中国に対して戦争を煽っているのが米国と日本です。これは間違いありません。遠くない将来、台湾を巡って衝突が起きるでしょう。日中共同声明等をきちんと理解すれば、悪いのは日米側になります。政府が紛争画策に精を出し金も出す国は、やがて酷いことになります。米国のホームレスの数を見れば一目瞭然でしょう。都市別ホームレスランキングで2位はニューヨーク、3位はロサンゼルスです。内政は放置なのでしょうか。

list25.com

 

 

そんな国に誰が投資したいと思うでしょうか。儲ければいいという世界は変わっていくはずです。Twitterを買収したイーロン・マスクが、米国企業による言論統制・情報統制をバラしています。この流れは止まらないでしょう。

 

但し前述の通り、それでも米国は世界最大の金融マーケットです。下記のように株式マーケットの60%を占めています。

 

 

私は、中国国内の投資家人口が今後増えていくと予想しています。それにつれて、中国の金融マーケットも大きくなるはずです。FG500でトップの国でありながら、わずか3.6%のマーケットが中国なのです。このギャップは非常に魅力的。もちろん規制をかけながら、少しずつ拡大していくと思っています。そうなれば、中国企業はわざわざ米国市場で上場する必要もない。この金融分断は起きると思います。それでもなお、米国市場が強いことは変わらないでしょう。

 

安定運用を目指す場合は、北米の比重が高いほうが良いかもしれません。
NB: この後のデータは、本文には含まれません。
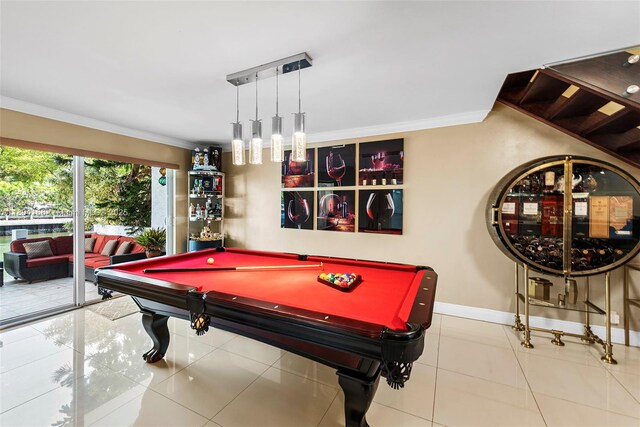 3553 NE 171st St Unit P, North Miami Beach, FL 33160 - rec room featuring crown molding, baseboards, pool table, and tile patterned flooring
私は積立で安定を求める必要性がないので、考えは固まりつつあります。

 

余談になりますが、日本人が本当の歴史を学べる良書たちは、ほとんど日本人の目に触れることがありません。下記は奈良静馬・著の『西班牙(スペイン)古文書を通じて見たる日本と比律賓(フィリピン)』の冒頭の文章です。

 

『ワシントン会議は(中略)、日本の発展を徹頭徹尾、阻止しようとする日本いぢめの会議であった』

 

 

未だにこの手の妨害をやり続けている国があるということ、そしてその国が金融の世界でトップであることを、日本人のみならず世界が刮目しなければなりません。歴史から何を学ぶかは自由ですが、真実を知らない無知は時に罪になります。